= Charles Vincent Taylor =

American biologist

Charles Vincent Taylor (8 February 1885 – 22 February 1946) was an American biologist and a professor at Stanford University. He contributed to studies on protozoa, innovating micro-manipulation and dissection techniques for their study.

Taylor was born near Whitesville, Missouri, to Christina Bashor and Isaac Newton Taylor. On his father's side they traced their ancestry to an Isaac Taylor from County Antrim, Ireland who came to Virginia around 1740. His mother came from a family of German descent. He studied at Mount Morris College, Illinois and after receiving an AB in 1911 he became a principal of a school at Valley City, North Dakota. He joined the University of California, Berkeley in 1914 and studied mouse reproduction in 1914 under Joseph A. Long and then studied the neuromotor structure of the ciliate Euplotes using microscopic dissection studies under the supervision of Charles A. Kofoid in 1917. He then became an instructor at the zoology before joining Johns Hopkins University.
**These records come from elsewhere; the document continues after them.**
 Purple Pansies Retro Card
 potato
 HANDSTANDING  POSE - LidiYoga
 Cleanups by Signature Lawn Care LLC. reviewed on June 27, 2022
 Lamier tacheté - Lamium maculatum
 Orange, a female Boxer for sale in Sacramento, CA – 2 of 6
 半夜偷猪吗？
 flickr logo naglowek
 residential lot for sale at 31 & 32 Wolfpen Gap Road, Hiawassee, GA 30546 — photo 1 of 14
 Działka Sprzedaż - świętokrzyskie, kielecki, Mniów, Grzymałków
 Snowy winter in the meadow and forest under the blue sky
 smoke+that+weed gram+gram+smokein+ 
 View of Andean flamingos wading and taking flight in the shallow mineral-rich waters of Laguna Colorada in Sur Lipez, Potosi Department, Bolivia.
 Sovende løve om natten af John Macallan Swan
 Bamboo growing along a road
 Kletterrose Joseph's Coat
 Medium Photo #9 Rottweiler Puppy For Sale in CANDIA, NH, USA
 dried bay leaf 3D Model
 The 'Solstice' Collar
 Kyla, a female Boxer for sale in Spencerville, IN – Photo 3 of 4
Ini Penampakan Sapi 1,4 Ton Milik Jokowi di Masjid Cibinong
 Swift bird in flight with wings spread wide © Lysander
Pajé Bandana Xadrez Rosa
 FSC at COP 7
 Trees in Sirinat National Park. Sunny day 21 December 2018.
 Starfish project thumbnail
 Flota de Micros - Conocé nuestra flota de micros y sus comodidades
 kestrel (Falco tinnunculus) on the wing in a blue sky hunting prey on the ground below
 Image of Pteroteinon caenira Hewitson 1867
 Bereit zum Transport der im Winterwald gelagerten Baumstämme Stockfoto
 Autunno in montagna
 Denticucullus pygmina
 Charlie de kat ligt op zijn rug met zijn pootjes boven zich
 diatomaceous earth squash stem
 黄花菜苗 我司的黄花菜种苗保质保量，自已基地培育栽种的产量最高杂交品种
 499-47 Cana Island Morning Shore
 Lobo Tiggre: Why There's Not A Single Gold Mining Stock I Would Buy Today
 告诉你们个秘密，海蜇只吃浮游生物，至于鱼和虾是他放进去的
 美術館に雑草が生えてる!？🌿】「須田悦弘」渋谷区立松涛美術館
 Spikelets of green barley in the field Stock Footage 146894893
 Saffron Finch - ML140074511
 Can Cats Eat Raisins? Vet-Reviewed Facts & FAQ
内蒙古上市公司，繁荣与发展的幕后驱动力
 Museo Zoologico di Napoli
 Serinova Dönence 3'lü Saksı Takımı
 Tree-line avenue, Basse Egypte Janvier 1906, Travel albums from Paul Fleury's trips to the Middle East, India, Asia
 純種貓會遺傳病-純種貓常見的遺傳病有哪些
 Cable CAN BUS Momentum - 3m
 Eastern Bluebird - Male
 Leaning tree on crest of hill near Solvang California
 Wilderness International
He worked at the Marine Biological Laboratory with Robert Chambers on micromanipulation techniques using glass micropipettes. He joined Stanford University in 1925. His work included studies of protoplasm movements, cyst formation in ciliates and ciliate taxonomy and evolution. At Stanford, he emphasized, as an administrator of the biology faculty, a broad understanding in biology for students in addition to their specialities. In 1939, he organized a symposium to celebrate the hundredth anniversary of Schleiden and Schwann's cell theory.

Taylor married Lola Lucille Felder, a student of his, in 1921 and they had four children.